#### TASK OBJECTIVE:
Repeat exactly the line that contains "Lilypelle Electric Tricycle" and every line after it, down to the last line of the entries below. Do not include pictures.

----- DATA IN THIS EXERCISE -----

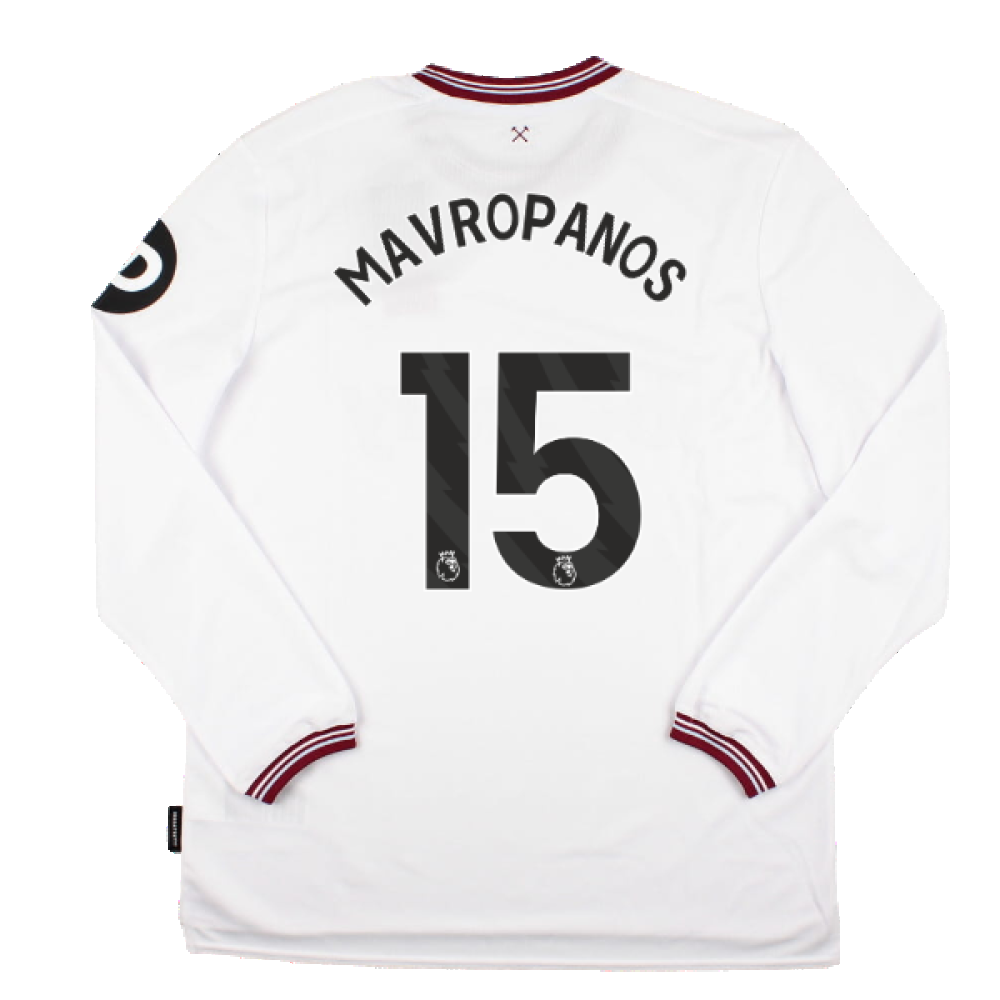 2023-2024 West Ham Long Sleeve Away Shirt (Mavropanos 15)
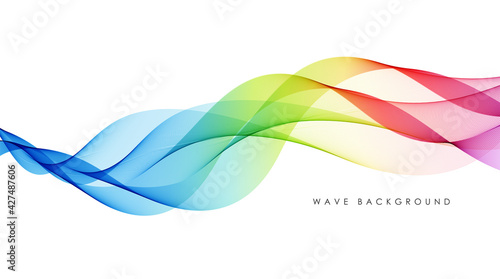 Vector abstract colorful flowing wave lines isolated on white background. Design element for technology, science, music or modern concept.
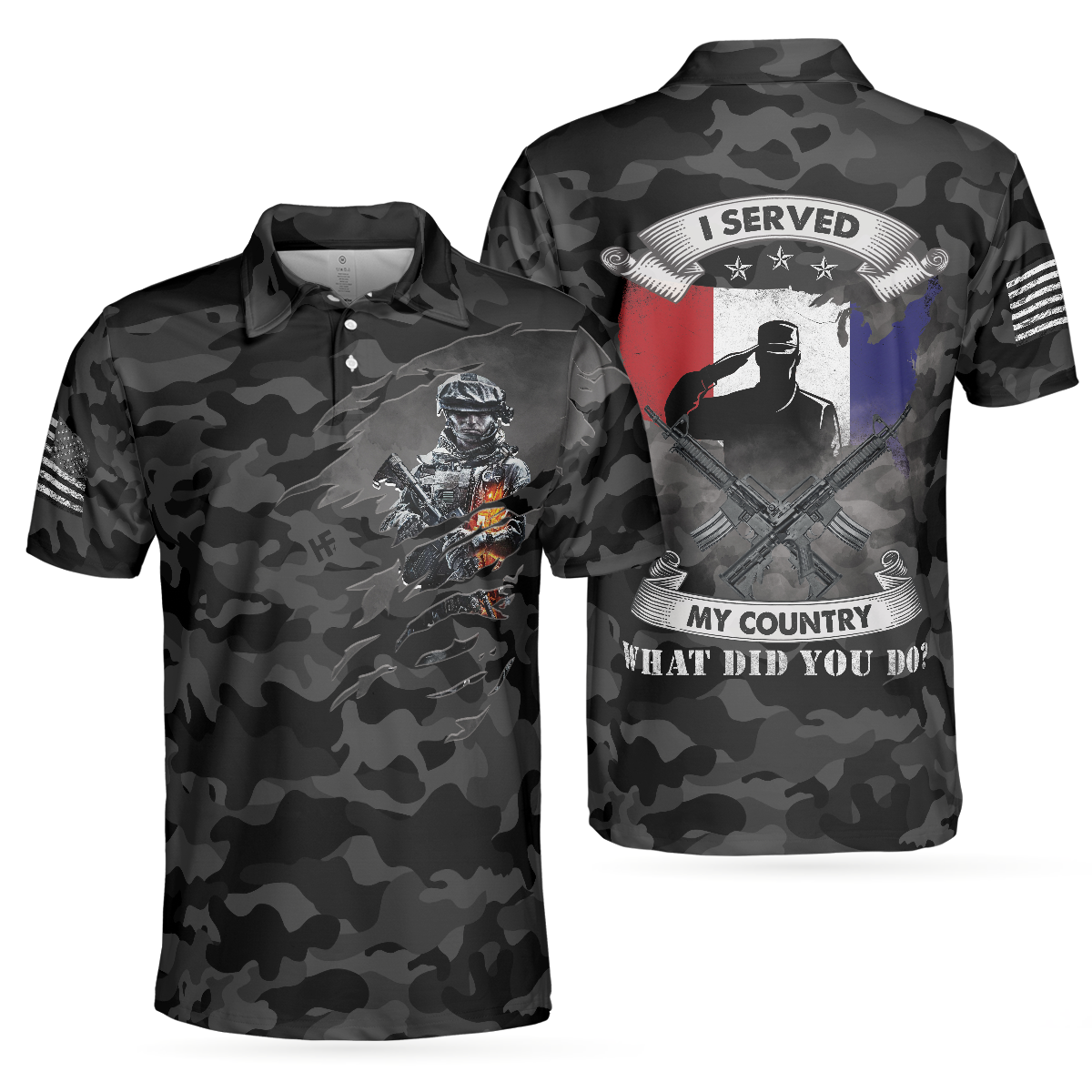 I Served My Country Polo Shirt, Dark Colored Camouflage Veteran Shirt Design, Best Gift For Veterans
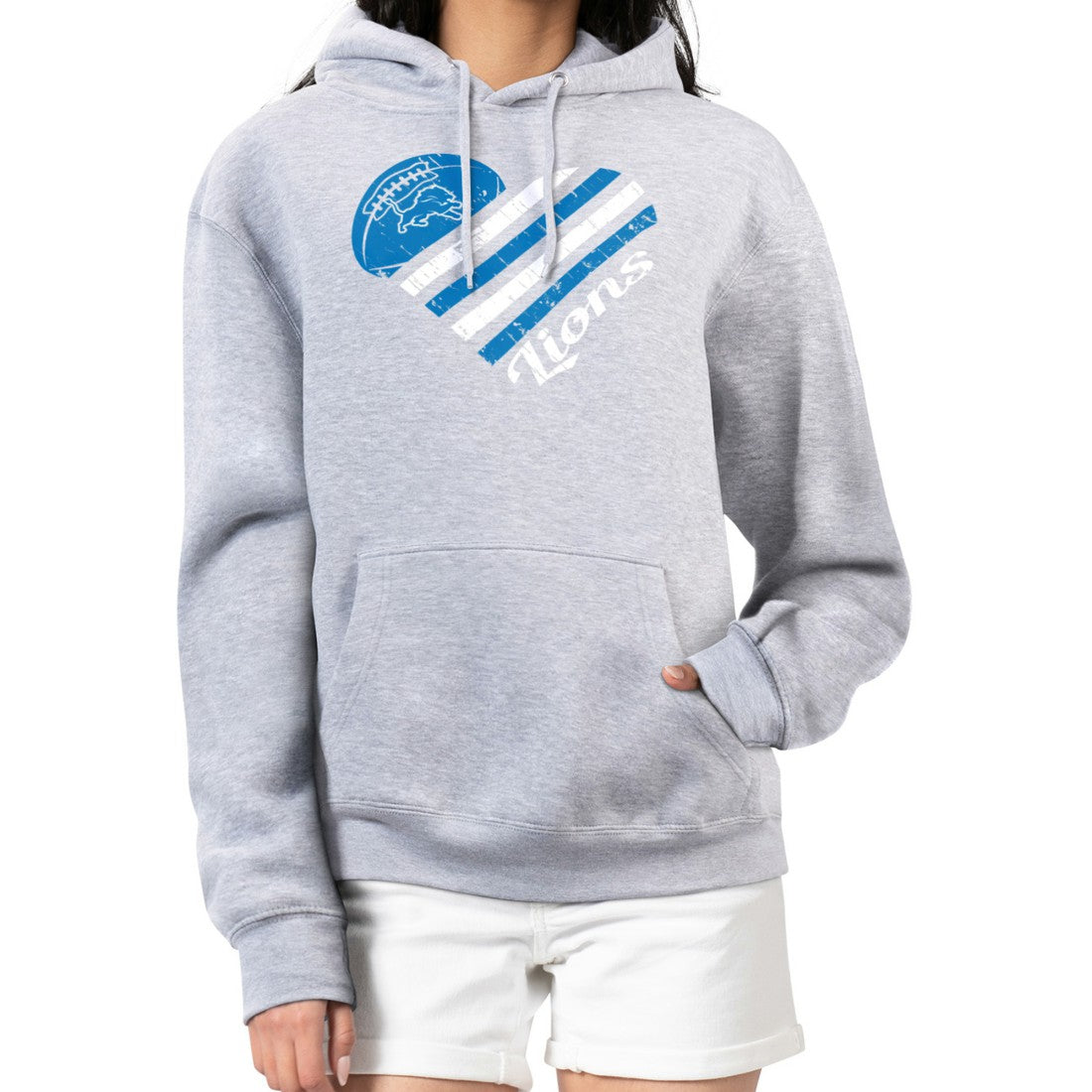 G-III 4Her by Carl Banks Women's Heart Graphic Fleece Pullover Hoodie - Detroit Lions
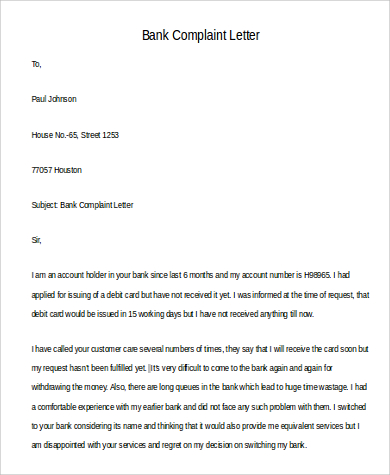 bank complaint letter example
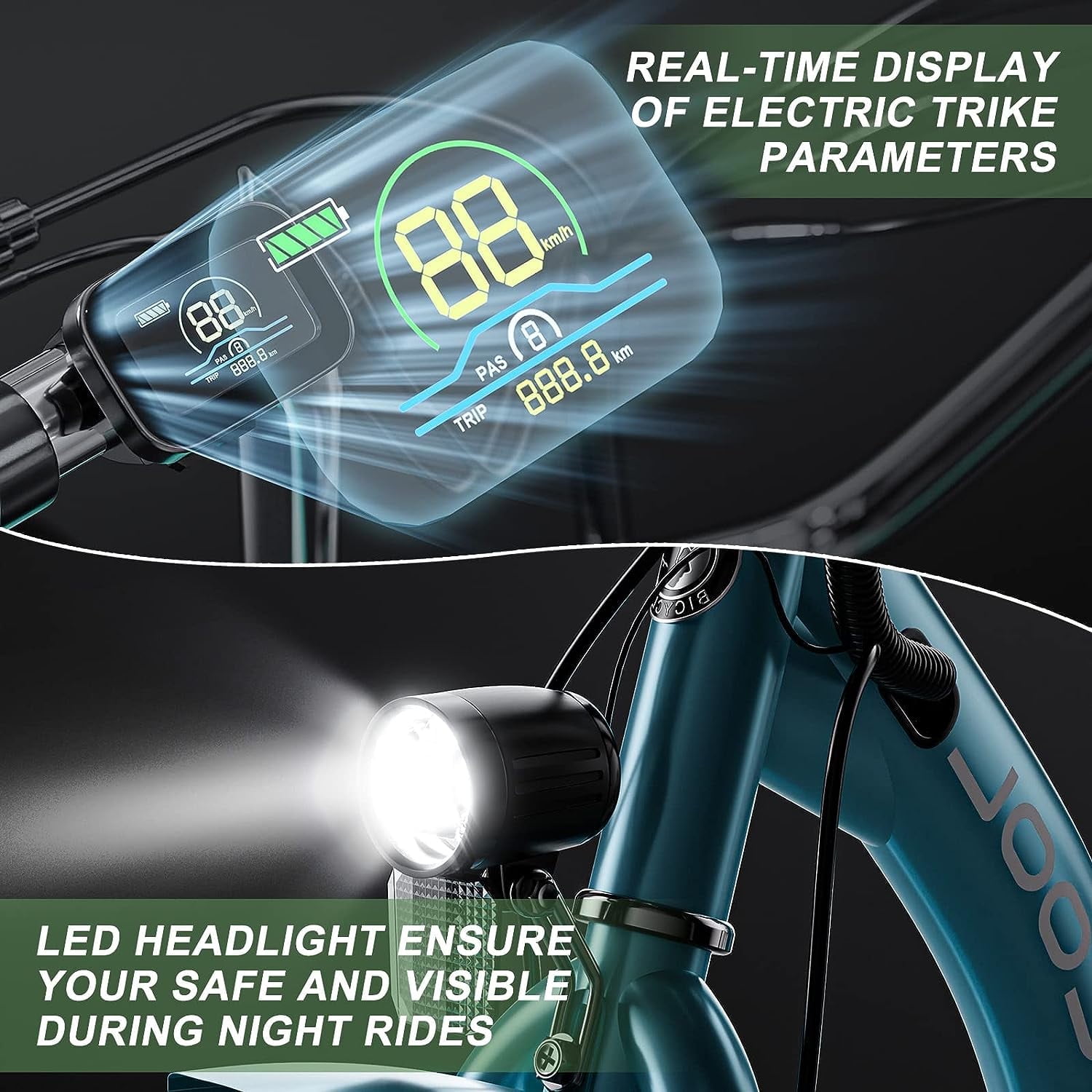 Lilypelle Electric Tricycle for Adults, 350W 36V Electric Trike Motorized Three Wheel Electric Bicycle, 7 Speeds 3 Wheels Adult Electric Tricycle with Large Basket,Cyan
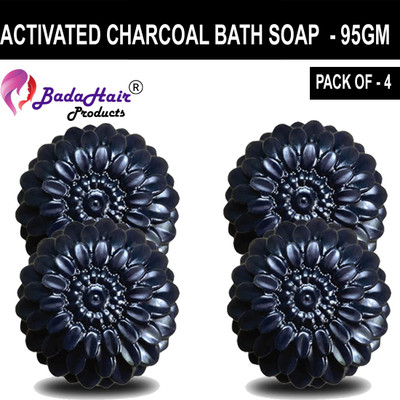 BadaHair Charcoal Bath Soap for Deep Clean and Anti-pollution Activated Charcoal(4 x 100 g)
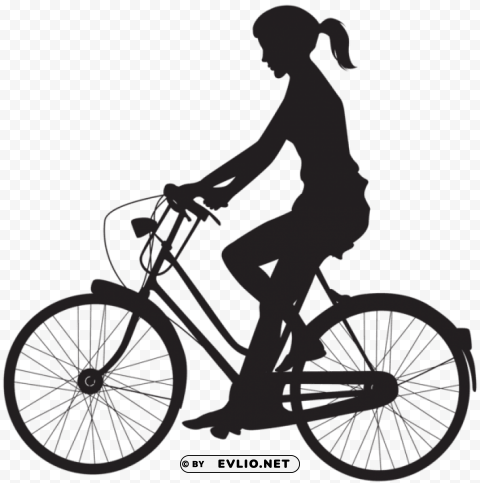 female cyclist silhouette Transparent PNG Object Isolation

-----

#### TASK RESPONSE:
 Lilypelle Electric Tricycle for Adults, 350W 36V Electric Trike Motorized Three Wheel Electric Bicycle, 7 Speeds 3 Wheels Adult Electric Tricycle with Large Basket,Cyan
 BadaHair Charcoal Bath Soap for Deep Clean and Anti-pollution Activated Charcoal(4 x 100 g)
 female cyclist silhouette Transparent PNG Object Isolation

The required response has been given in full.